[Material provided]

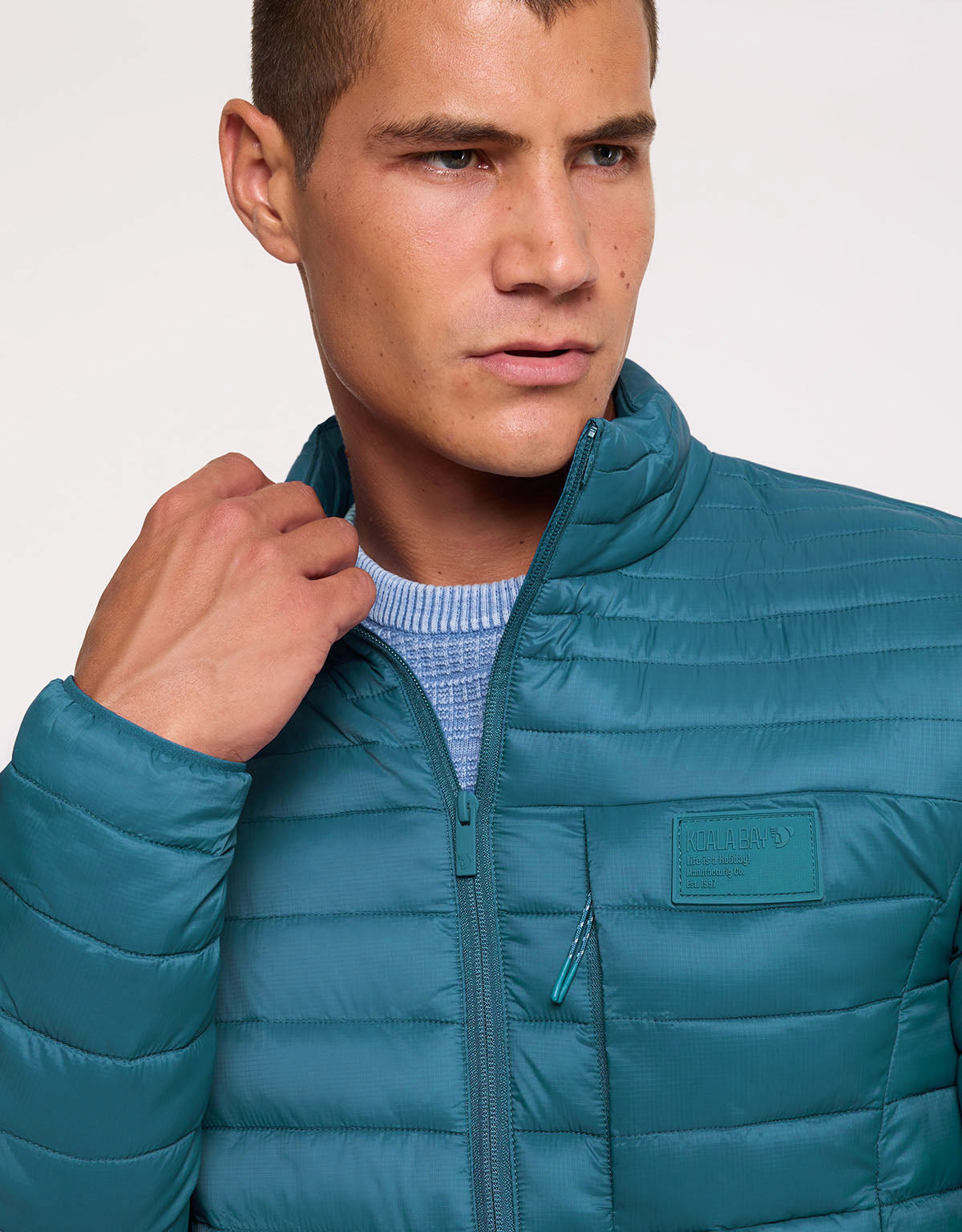 Turquoise Jacket - Kea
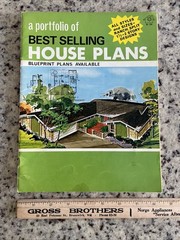 Vintage 1972 MCM Home Plans Design Catalog Blueprints Ranch Split-Level Houses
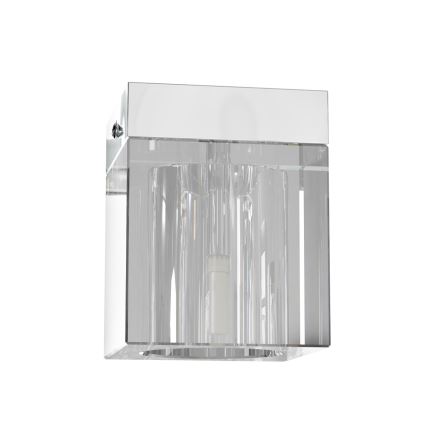 Open Design OR81039 - Faretto CUBO 1xG9/8W/230V trasparente/cromo lucido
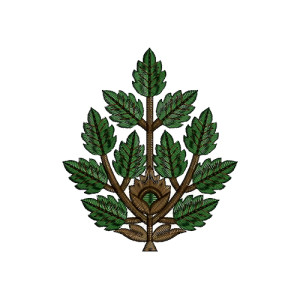 Applique Machine Embroidery Design 13557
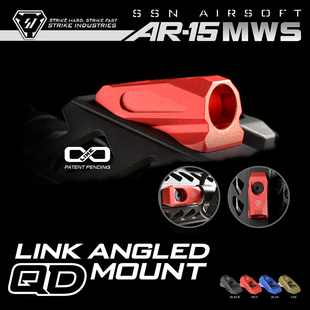 【si QD扣】魔影SSN JMT 男孩ar15玩具双系统导轨吃鸡 骚气配件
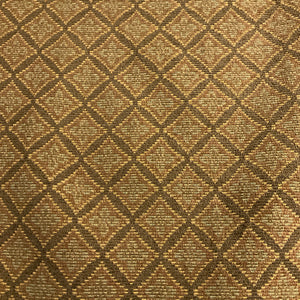 Fowler Brown Diamond Design Upholstery Fabric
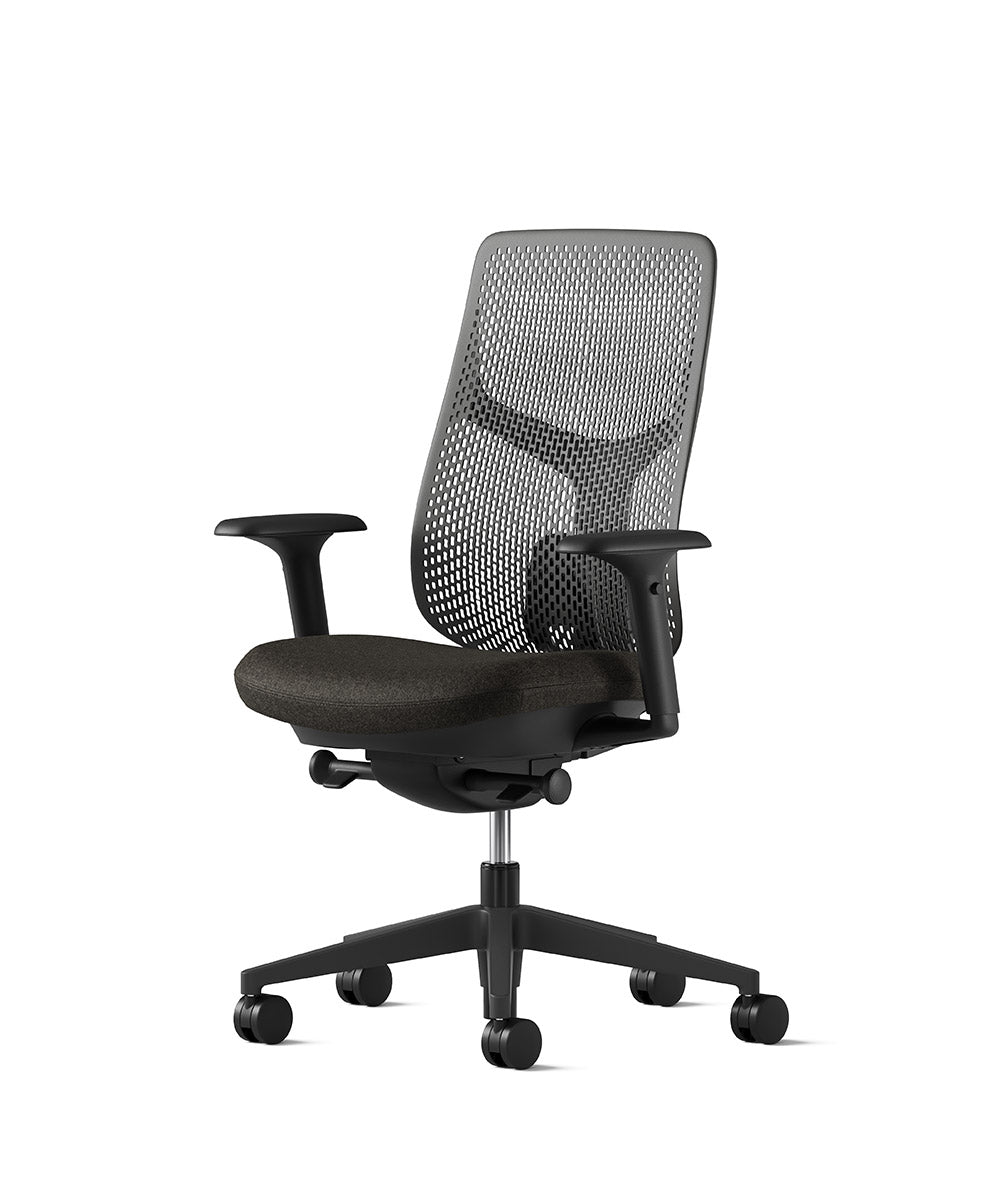 Verus Dark Carbon/Kingsmead Triflex kontorsstol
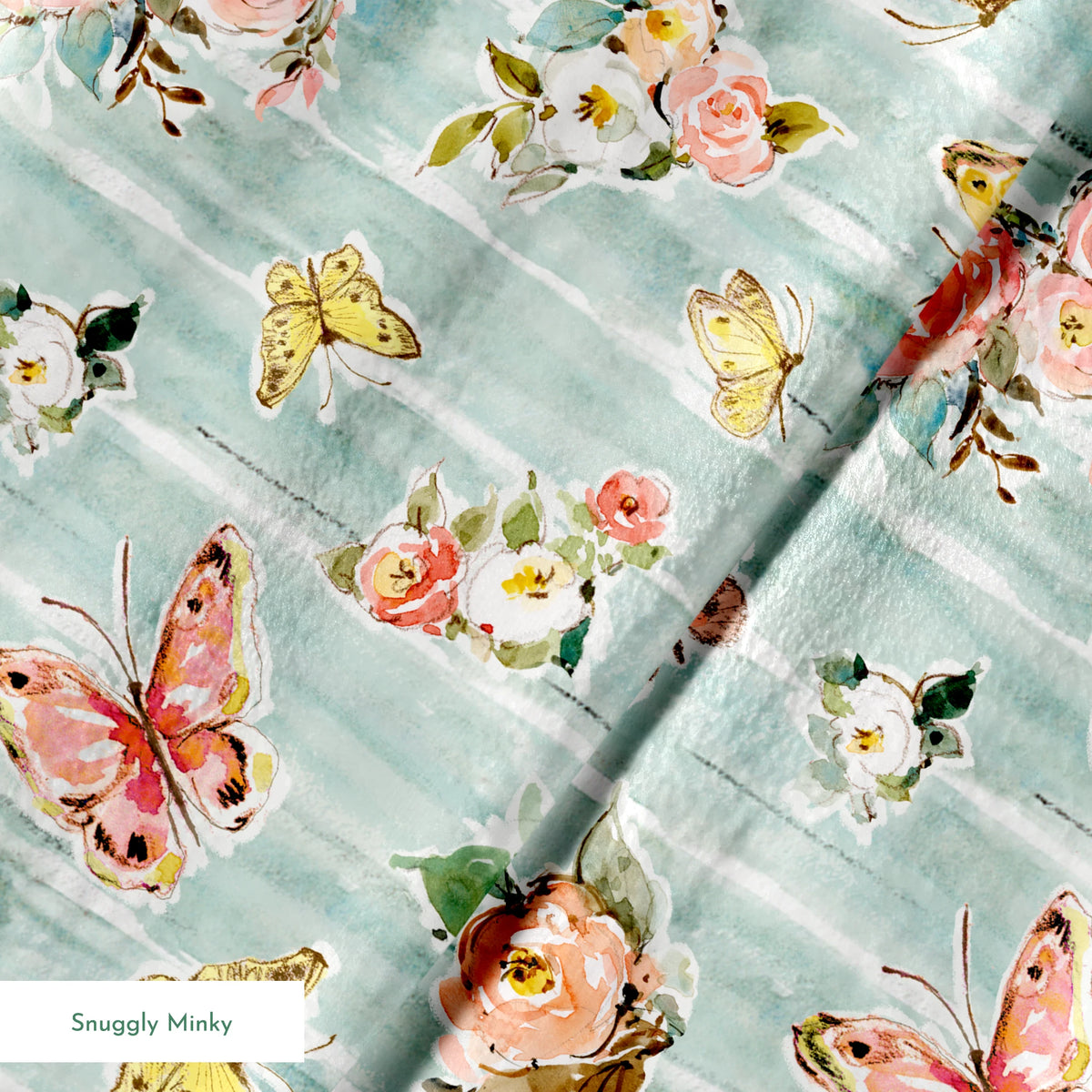 springs minky texture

[/Material provided]

Work required: When you reach a picture in the records above, pass over it and transcribe the rest exactly.

Answer to this problem:
 Turquoise Jacket - Kea
 Vintage 1972 MCM Home Plans Design Catalog Blueprints Ranch Split-Level Houses
 Open Design OR81039 - Faretto CUBO 1xG9/8W/230V trasparente/cromo lucido
 Applique Machine Embroidery Design 13557
 【si QD扣】魔影SSN JMT 男孩ar15玩具双系统导轨吃鸡 骚气配件
 Fowler Brown Diamond Design Upholstery Fabric
 Verus Dark Carbon/Kingsmead Triflex kontorsstol
 springs minky texture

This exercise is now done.